Speaking of my letter of acceptance, he said:

Really the author of that composition must be a very commonplace sort of a citizen. It may be well doubted if ever before since the foundation of the Republic so weak a production came from the hand of a man who aspired to be the President of the United States. It reads as though the author had neither hope nor heart in his cause. The whole letter is marked by an absence of thought. It seems clearly to show that the writer has lost courage, heart, hope, push and pluck. Yet in it he still shows his sympathy with some of the most dangerous planks of the platform on which he stands.

On the question of civil service reform, he said:

Civil service reform is a great moral issue. In the years to come the interest in this reform shown by the Presidents I have named, and particularly by President Cleveland, will redound to their glory. The ignorance of the candidate for the Presidency of whom I am speaking in regard to civil service reform would be unworthy of an alderman in a small city. Were this man not a candidate for President, as I have said, his letter would be unworthy of notice, but should he be elected he will have control of hundreds of thousands

of offices.

He writes as though he knew nothing of and cared to know nothing of the laws governing appointments. Perhaps I need not worry myself, for the American people will see to it that he never has the dispensing of offices from the chair of the President of the United States, the chair higher than the loftiest room beneath God's throne tonight.

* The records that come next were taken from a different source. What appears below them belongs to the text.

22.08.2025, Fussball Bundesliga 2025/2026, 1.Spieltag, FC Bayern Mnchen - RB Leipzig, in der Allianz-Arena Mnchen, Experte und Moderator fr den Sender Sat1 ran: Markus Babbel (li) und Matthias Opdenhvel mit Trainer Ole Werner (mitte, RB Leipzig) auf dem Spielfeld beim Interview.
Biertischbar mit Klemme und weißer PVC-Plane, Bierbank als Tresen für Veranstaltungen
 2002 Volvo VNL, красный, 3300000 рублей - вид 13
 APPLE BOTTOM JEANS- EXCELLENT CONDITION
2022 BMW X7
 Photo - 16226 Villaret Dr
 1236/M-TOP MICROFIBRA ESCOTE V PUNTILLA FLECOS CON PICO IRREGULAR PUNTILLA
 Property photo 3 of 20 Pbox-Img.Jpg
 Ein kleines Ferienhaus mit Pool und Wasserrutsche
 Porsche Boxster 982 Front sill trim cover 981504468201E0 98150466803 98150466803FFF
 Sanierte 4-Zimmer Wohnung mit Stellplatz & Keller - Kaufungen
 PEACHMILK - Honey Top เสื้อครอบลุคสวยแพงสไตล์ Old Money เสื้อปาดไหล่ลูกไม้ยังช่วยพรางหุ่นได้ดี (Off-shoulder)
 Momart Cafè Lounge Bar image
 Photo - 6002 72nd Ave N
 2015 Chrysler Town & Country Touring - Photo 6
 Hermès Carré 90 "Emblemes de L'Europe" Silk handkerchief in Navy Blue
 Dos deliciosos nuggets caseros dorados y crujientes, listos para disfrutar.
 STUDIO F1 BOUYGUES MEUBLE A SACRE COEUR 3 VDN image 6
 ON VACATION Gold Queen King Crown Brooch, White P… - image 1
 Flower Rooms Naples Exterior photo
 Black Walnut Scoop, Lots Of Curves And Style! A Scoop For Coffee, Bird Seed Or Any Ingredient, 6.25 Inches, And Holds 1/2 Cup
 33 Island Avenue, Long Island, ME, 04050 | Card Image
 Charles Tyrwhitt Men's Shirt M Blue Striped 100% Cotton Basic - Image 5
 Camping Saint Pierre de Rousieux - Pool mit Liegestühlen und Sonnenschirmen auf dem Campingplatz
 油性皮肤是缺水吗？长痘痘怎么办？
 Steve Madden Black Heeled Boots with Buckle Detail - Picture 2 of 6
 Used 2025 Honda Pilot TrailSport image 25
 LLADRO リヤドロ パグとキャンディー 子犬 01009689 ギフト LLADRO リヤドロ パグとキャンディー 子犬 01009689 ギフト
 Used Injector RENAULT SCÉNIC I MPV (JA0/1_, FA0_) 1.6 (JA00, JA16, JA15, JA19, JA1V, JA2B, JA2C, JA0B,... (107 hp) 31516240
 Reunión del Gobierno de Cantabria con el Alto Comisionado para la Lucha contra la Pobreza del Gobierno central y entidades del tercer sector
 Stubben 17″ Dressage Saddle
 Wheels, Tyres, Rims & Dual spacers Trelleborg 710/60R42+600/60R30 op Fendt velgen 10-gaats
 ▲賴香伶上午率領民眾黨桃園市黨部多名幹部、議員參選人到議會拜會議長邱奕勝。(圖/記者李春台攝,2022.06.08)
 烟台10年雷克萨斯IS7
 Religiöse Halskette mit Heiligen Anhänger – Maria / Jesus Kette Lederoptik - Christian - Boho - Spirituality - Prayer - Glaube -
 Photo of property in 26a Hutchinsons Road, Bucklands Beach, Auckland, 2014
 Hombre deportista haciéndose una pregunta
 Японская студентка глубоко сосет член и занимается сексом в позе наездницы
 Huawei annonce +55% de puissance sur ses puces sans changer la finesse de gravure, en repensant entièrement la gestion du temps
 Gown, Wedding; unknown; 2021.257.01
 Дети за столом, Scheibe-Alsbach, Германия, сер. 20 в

On Monday, October 2, there appeared in the press of the country a statement made by Archbishop Ireland in response to a request from twenty-seven business men of Minnesota. After denouncing other planks of the platform, he said:

The question before the people of America today is the coinage of silver by this country independently of the great commercial nations of the world at the ratio of 16 to 1. The boast that the United States is able alone to whip England and the rest of the world into coinage of silver at 16 to 1, or to force the value of silver up to $1.29 an ounce, is mere nonsense. We are a great people, indeed, but we have not yet grown to that commercial strength that our country means the commercial world. Herr Bismarck counseled the United States to go ahead and make the experiment all alone. Yes, and some Americans quote his advice as an authority. The sly old fox would, indeed, be pleased to see America make the experiment and go to the bottom of the sea.

I am absolutely convinced that the laboring classes will suffer most of all from free silver coinage; but will not the farmers be benefited? Will they not receive a higher price for their products? May be a higher price-but not a higher value. Of what use is it to have a dollar instead of a half dollar, if a dollar can purchase no more than the half dollar?

I may of course be mistaken. But I have come to look upon the present agitation as the great test of universal suffrage and popular sovereignty. Can the people defend the public honor and the institutions of the country at the polls, as they have done on the field of battle? Can they be so calm and deliberate in their judgment, so careful to weigh all things in the scale of reason, and to avoid all rash experiments, that they can be trusted with the settlement of grave, social and political problems? That is the question that is before us at the present moment.

At the Central Congregational church in New York, on September 13, the Rev. A. J. F. Behrends said, among other things:

Today we are at the cross roads of our period of national existence. When it is proclaimed that a grain of gold representing the cost of production of 31 grains of silver is an equivalent for 16 grains of the latter metal, we are confronted with a bold bare-faced falsehood. Such a doctrine leads on the trail of anarchy. Thirty-five years ago the liberty of a people was hunted to its lair, and it was preserved with the bayonet. The people of the United States will assemble this fall as they did in 1861, only instead of the bayonet the ballot will be used to prevent repudiation and preserve the nation's honor. This is not a political sermon, but I want to warn those who would run the ship of state against the rocks of discredit and dishonor that Columbia would probably get the worst of it, and I would save generations ahead from misery and suffering.